One thing with AC motors that is difficult to do with DC is reversing. An AC motor is simple to reverse, and so is easier to do direct-drive with AC motors. This saves you weight and reduces the number of complex mechanical parts you have to maintain. They also lack brushes, so you don't have to replace them or get the commutator re-milled as the motor ages, either.


Also: Unless I'm mistaken, an AC induction motor (squirrel cage) is asynchronous and therefore by definition does not need to track the position of the rotor. The rotation speed, perhaps, but it's position would be irrelevant since the rotor is, electrically, one piece of metal with no polarity - all shorted together. 

The rpm of the rotor would be close to that of the stator field, though never exactly the same as it needs _some_ difference to induce the rotor field. This would also vary according to the mechanical load. A higher load would bog the rotor down, which would induce a stronger rotor field which would try to accelerate the rotor until a new balance was reached. 

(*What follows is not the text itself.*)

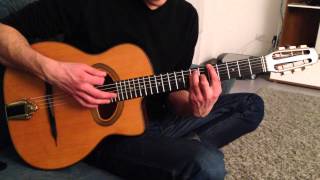 Gitane D500 guitar  rewiew  test [upl. by Kassandra]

Anyway I personally lean more towards AC motors. I'm planning to build my EV using at least one (possibly two) AC Induction motors, driving a diff to a pair of wheels each. (ie: one motor at the front, one at the back)

I think if I can get two smaller motors I can use standard size diffs, rather than having to buy chunky stronger ones, but that is assuming I can get that type of motor in a smaller size. Then fill the former engine bay up with LiFeP04 batteries! (assuming I can afford them!)


----------



## mattW (Sep 14, 2007)

Does someone wanna summarize this and chuck it in the wiki? Just make a new topic called AC vs DC.... that would be great.


----------



## little ghost (Feb 17, 2008)

Thanks for the replies chaps. Looks as though i'll be going with an AC kit with regen. $12,000 US, but with the pound so strong against the dollar right now i'm looking at £6,000 GBP. Car i imagine will cost £500-1000. Can't wait to start!

Cheers,
Alex


----------



## celsomenaia (Jul 26, 2007)

hello

May I ask you what was you choise ? (Band, model)

Best regards


----------



## Bugzuki (Jan 15, 2008)

Yea, you gotta tell us what you decided to get. And where you are getting it from.


----------



## little ghost (Feb 17, 2008)

I haven't made a one hundred percent choice yet, but the favourite choice so far is probably the AC Light Vehicle Direct Drive Kit from Electro Automotive: ($11,090.00 plus shipping) I need to find out if this kit provides regen braking first though as i'm not sure if it does. Although i know the VoltsPorsche one does.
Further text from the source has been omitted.